START The data

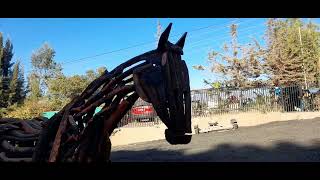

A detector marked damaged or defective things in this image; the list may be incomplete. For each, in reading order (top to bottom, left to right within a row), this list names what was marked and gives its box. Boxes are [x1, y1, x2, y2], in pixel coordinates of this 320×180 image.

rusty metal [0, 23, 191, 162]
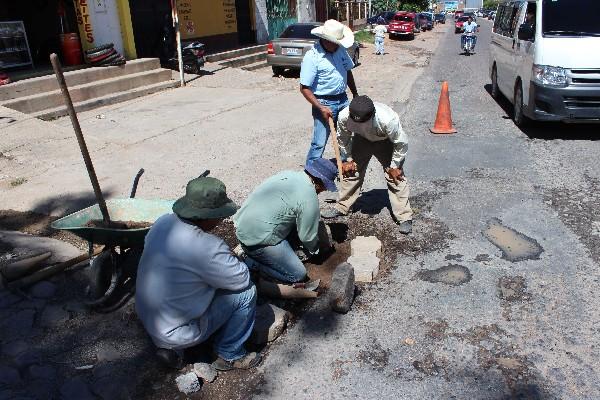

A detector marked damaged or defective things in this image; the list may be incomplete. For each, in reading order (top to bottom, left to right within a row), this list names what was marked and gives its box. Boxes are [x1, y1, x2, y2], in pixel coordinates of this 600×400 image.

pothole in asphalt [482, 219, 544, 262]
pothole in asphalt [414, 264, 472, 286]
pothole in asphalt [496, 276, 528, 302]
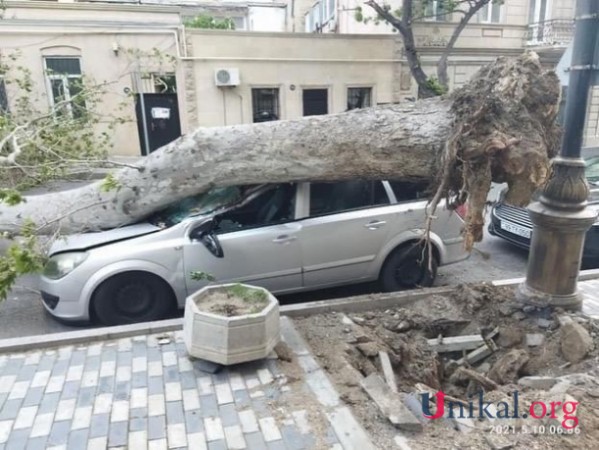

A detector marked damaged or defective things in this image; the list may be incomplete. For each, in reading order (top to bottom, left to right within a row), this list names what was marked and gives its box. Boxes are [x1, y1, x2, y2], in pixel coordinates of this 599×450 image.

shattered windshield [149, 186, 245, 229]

END The data

◆ Work order ◆
Through the final line of the listing, beginning at the line that contains "this 599×450 image.", every line is to be set down exactly, with no others.

◆ Your solution ◆
A detector marked damaged or defective things in this image; the list may be incomplete. For each, in reading order (top to bottom, left to right within a row), this list names what was marked and gives its box. Boxes are [x1, y1, x2, y2], in pixel coordinates of this 599×450 image.

shattered windshield [149, 186, 245, 229]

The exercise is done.